- [ABOUT THIS TASK]
An exact copy of the data is required, with no pictures in it.

- [INPUT MATERIAL]
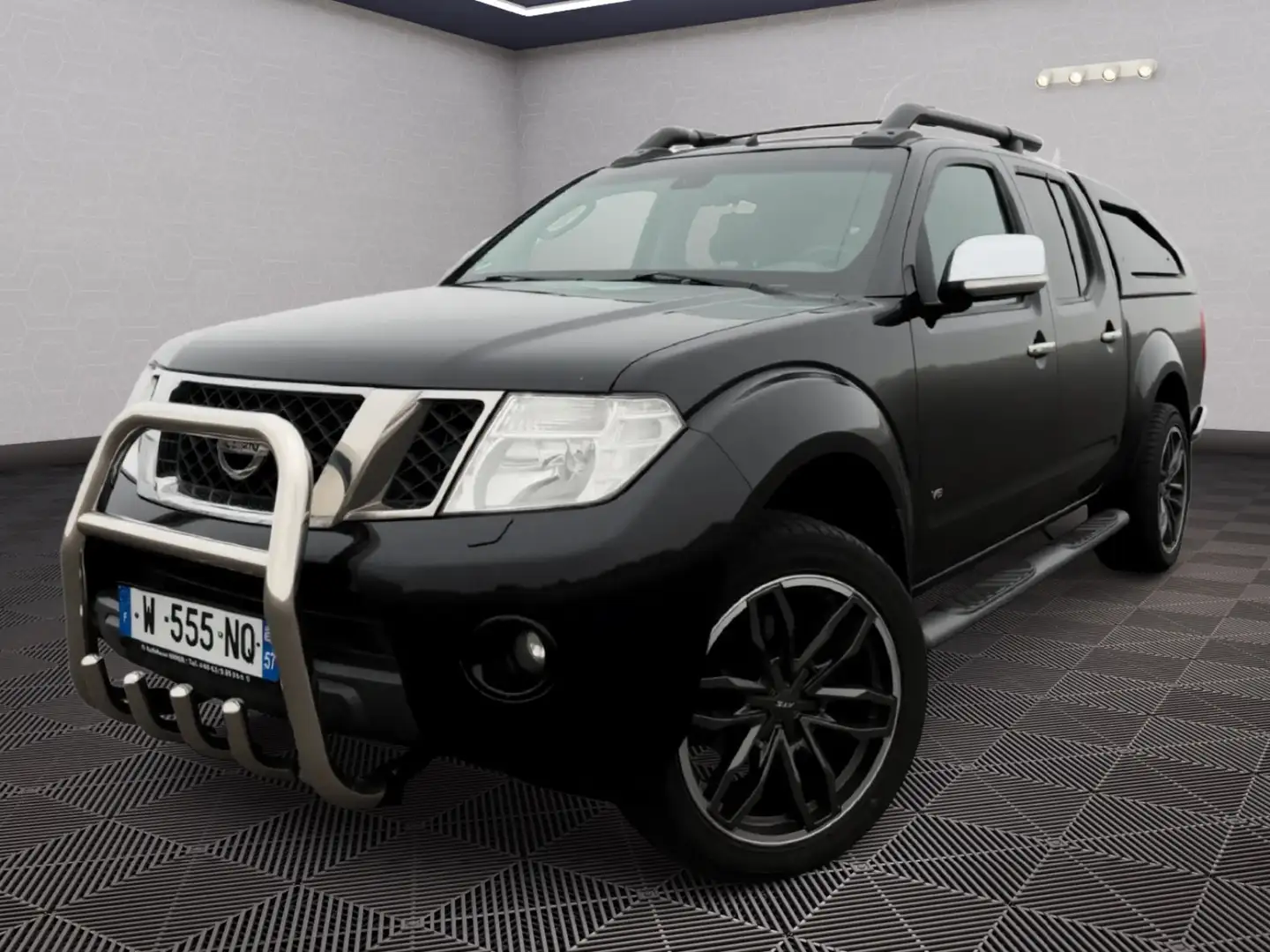 Nissan Pick Up 4x4 Double-Cab LE Schwarz - 1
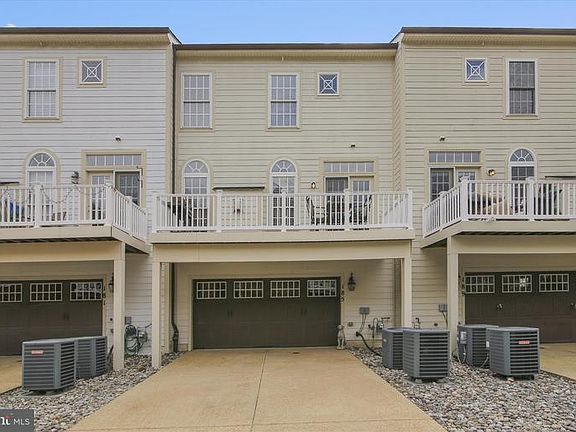 3rd image of 185 Norwich Ln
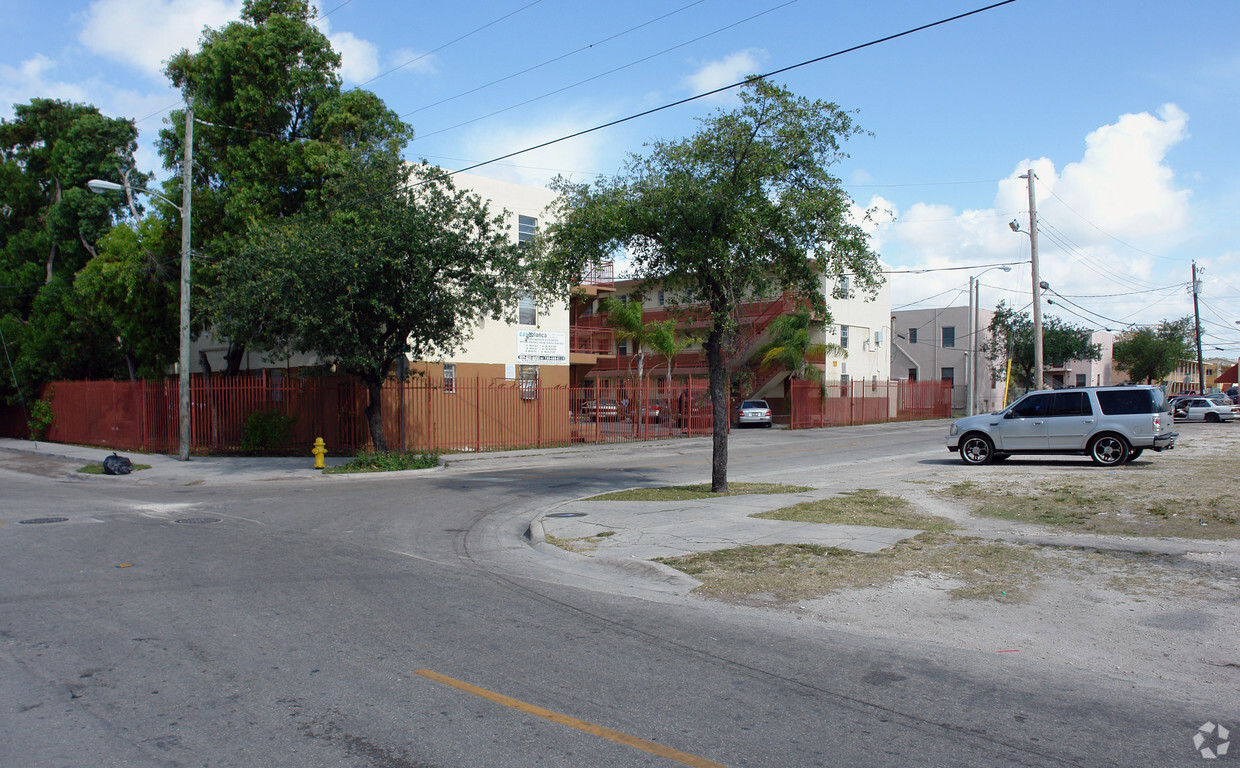 Primary Photo - Miami View Apartments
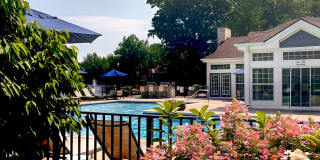 Fairlane Woods Apartments Gallery 11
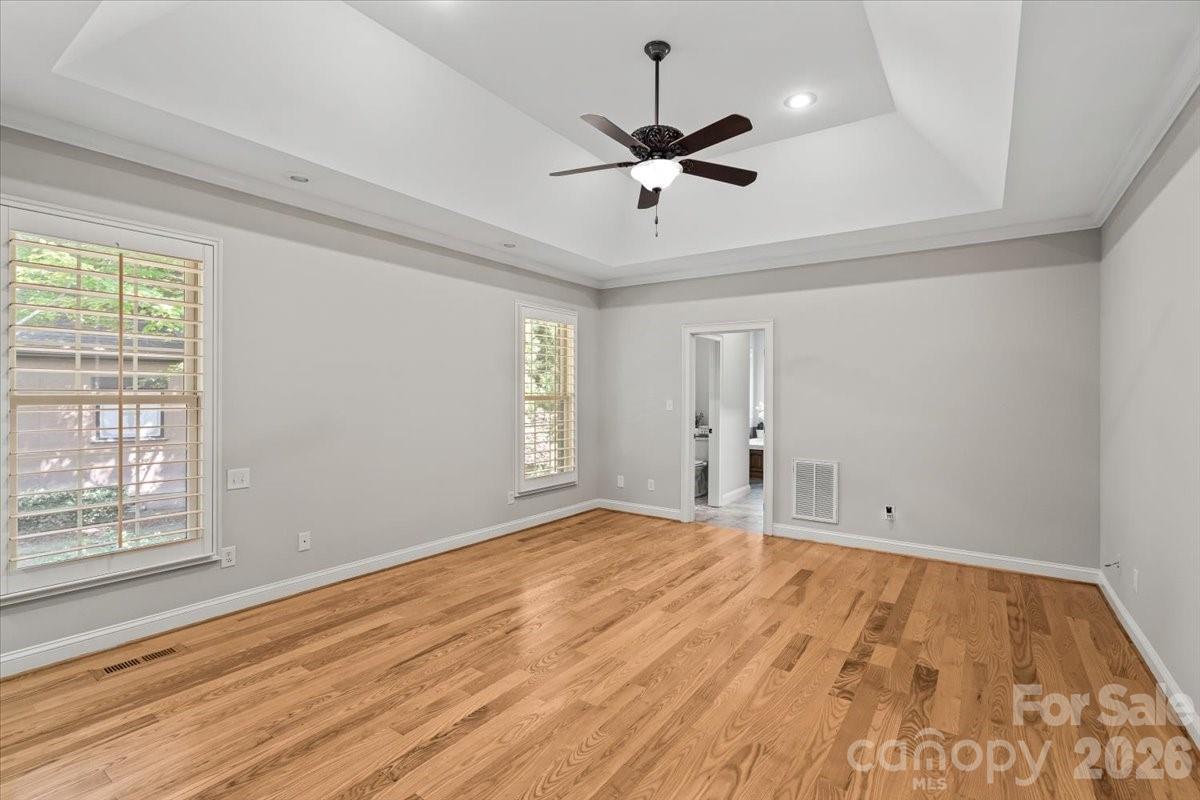 7832 Chapel Creek Drive Property Photo 18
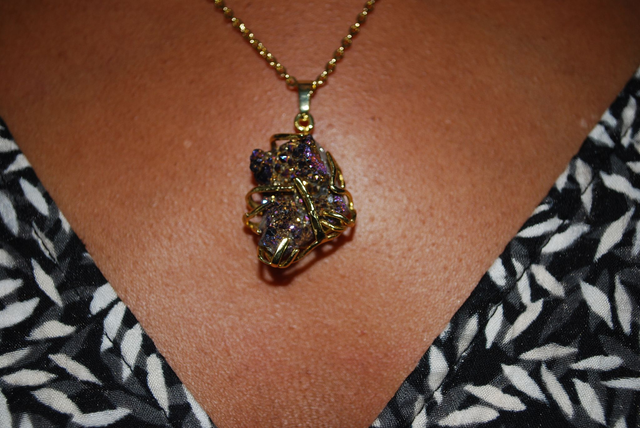 Collier en opale noble noire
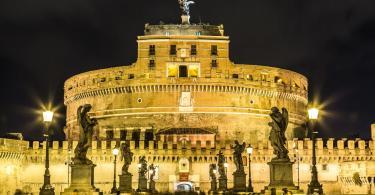 Sant'Angelo Kalesi - Gece - Roma - İtalya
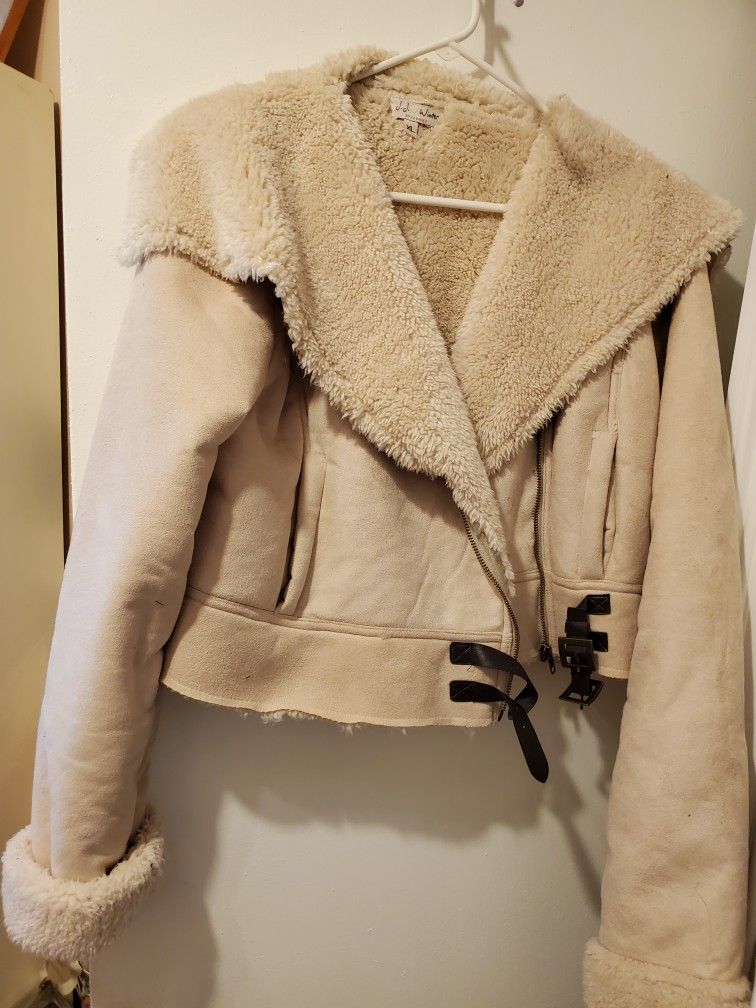 Beidge Short Bomber Jacket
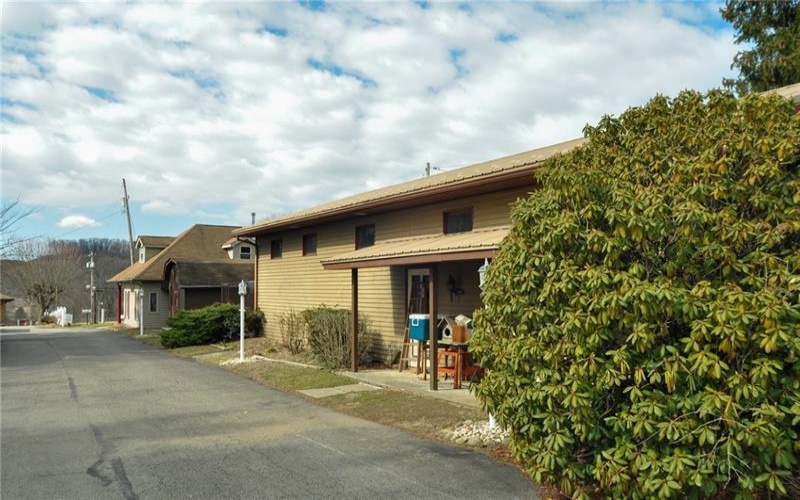 440 Center Ave., New Stanton, 15672, 3 Bedrooms Bedrooms, 10 Rooms Rooms,3 BathroomsBathrooms,Residential,For Sale,Center Ave.,1691082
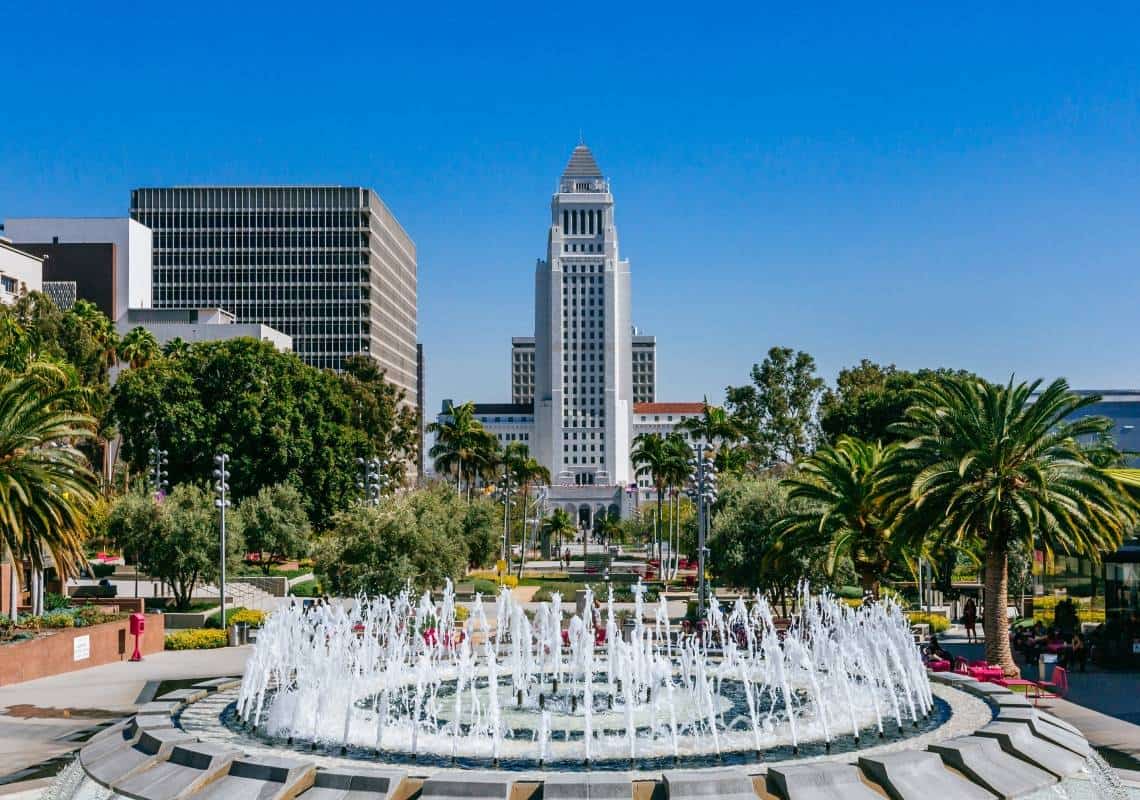 עיריית לוס אנג'לס חושפת: זו כמות העובדים שהוצאו לחל"ת בשל סירובם להתחסן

- [PROBLEM SOLUTION]
 Nissan Pick Up 4x4 Double-Cab LE Schwarz - 1
 3rd image of 185 Norwich Ln
 Primary Photo - Miami View Apartments
 Fairlane Woods Apartments Gallery 11
 7832 Chapel Creek Drive Property Photo 18
 Collier en opale noble noire
 Sant'Angelo Kalesi - Gece - Roma - İtalya
 Beidge Short Bomber Jacket
 440 Center Ave., New Stanton, 15672, 3 Bedrooms Bedrooms, 10 Rooms Rooms,3 BathroomsBathrooms,Residential,For Sale,Center Ave.,1691082
 עיריית לוס אנג'לס חושפת: זו כמות העובדים שהוצאו לחל"ת בשל סירובם להתחסן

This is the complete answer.